En respuesta a todo esto y, en particular, a las sibilancias, los padres buscaron una segunda opinión de la doctora Corinda Hankins, una pediatra de Hood River que, en ese momento, no trabajaba en One Community Health (OCH). La Dra. Hankins reconoció inmediatamente lo que ocurría. Porter, que ahora tiene dos años, padecía importantes alergias y asma. Era necesario un plan de tratamiento agresivo.
«Seguimos el plan y el primer año fue muy duro», recuerda Lorenzen. «Pero empezamos a ver mejoras, así que seguimos adelante. Le estaban dando tratamientos con nebulizador, inyecciones de esteroides, medicamentos orales para la alergia y, para el eccema, una crema recetada».
Durante ese tiempo, los Lorenzen continuaron llevándolo al Dr. Hankins cada tres meses para controlar su estado. También la siguieron al OCH cuando se unió a nuestro equipo de atención médica en otoño de 2017.
«Esto era importante para mí porque ella es muy agradable y tiene muchos conocimientos; realmente llegué a confiar en ella», dice Lorenzen, quien, al ser enfermera, también conocía al Dr. Hankins a través de la comunidad sanitaria. «Créanme, al principio me ponía nerviosa darle todos esos medicamentos, pero ella sabía lo que Porter necesitaba para mejorar y su plan funcionó. Al final, pudimos reducir considerablemente la medicación y evitar visitas urgentes al médico o a urgencias».
Al continuar con la atención de la Dra. Hankins en OCH, Lorenzen dice que ella y Porter también encontraron todo un equipo de miembros del personal que eran muy agradables, coordinados y consistentes en su atención. En las raras ocasiones en que la Dra. Hankins no estaba disponible para ver a Porter, Lorenzen descubrió que siempre era fácil concertar una cita con otro proveedor. Cuando lo hizo, se alegró al descubrir que el proveedor sabía exactamente qué estaba pasando con el plan de asma de Porter y no perdió el ritmo. Además, Lorenzen dice que siempre ha apreciado la personalidad complaciente de quienes la han ayudado a concertar citas, por no hablar del trato cercano de los asistentes médicos, que han sido muy agradables y eficientes.

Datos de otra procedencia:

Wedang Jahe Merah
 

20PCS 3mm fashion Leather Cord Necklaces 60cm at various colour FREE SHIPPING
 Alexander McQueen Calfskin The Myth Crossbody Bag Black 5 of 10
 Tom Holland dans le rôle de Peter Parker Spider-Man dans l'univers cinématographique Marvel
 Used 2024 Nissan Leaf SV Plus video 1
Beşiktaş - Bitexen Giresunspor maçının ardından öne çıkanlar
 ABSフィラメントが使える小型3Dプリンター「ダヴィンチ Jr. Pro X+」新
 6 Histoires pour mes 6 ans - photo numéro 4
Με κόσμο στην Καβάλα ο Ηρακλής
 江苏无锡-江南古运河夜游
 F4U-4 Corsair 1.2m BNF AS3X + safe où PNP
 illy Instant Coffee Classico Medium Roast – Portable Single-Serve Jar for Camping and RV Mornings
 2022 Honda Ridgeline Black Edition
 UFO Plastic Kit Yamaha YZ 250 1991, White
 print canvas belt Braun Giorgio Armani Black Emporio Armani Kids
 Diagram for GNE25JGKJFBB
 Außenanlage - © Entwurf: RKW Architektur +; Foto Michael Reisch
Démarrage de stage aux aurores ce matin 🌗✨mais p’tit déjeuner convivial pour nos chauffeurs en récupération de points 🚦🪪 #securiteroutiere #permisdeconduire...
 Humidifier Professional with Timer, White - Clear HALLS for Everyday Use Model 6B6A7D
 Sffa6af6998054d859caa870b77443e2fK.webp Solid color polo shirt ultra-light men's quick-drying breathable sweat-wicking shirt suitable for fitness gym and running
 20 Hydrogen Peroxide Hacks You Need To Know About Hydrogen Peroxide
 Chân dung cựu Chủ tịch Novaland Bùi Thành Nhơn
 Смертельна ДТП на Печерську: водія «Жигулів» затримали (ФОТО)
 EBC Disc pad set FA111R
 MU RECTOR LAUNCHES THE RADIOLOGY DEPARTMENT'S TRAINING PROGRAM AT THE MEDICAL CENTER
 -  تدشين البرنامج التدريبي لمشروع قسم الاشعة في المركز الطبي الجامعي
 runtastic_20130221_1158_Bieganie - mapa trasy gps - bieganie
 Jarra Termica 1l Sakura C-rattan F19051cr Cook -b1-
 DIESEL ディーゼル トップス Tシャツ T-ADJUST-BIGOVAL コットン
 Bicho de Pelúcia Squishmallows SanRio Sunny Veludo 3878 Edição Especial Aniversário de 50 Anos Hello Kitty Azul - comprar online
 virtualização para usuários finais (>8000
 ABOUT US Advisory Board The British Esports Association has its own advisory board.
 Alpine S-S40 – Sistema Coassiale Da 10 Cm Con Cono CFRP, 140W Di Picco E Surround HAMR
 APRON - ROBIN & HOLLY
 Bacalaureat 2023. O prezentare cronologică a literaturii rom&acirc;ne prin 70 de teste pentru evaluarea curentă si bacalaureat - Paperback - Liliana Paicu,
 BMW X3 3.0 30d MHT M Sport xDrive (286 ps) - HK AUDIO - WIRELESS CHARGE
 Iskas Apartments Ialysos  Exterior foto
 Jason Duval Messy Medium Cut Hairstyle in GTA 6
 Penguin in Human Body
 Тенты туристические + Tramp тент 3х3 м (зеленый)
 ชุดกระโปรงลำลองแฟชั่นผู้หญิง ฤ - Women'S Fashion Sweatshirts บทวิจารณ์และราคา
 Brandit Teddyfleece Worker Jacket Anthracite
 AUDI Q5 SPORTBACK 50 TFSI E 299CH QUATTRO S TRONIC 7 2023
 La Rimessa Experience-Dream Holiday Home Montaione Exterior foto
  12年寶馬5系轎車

«Ha sido fabuloso», dice Lorenzen. «El acceso ha sido estupendo y todos los miembros del equipo, independientemente de quién nos haya atendido, han estado en sintonía. No recibo información contradictoria».
A lo largo de ese segundo año de tratamiento, la salud de Porter mejoró enormemente. Actualmente, su asma y su eccema están controlados, y solo toma una pastilla para la alergia al día. Por ello, acude al Dr. Hankins cada seis meses en lugar de cada tres.
Con los factores adecuados en juego, el pronóstico de la enfermedad de Porter es ahora positivo. Lorenzen afirma que la continuidad de la atención y el seguimiento exhaustivo han mejorado sin duda la enfermedad de Porter, contribuyendo a mejorar su calidad de vida y empoderando a los Lorenzen en el proceso.
«Con el tiempo, nosotros, como padres, nos hemos ido familiarizando con lo que le ocurre, por lo que hemos podido abordar las cosas antes de que se convirtieran en algo aterrador o en una preocupación importante», afirma. «El cuerpo de Porter está en vías de curación. Hoy en día, gestionamos esta afección en lugar de perseguir un problema».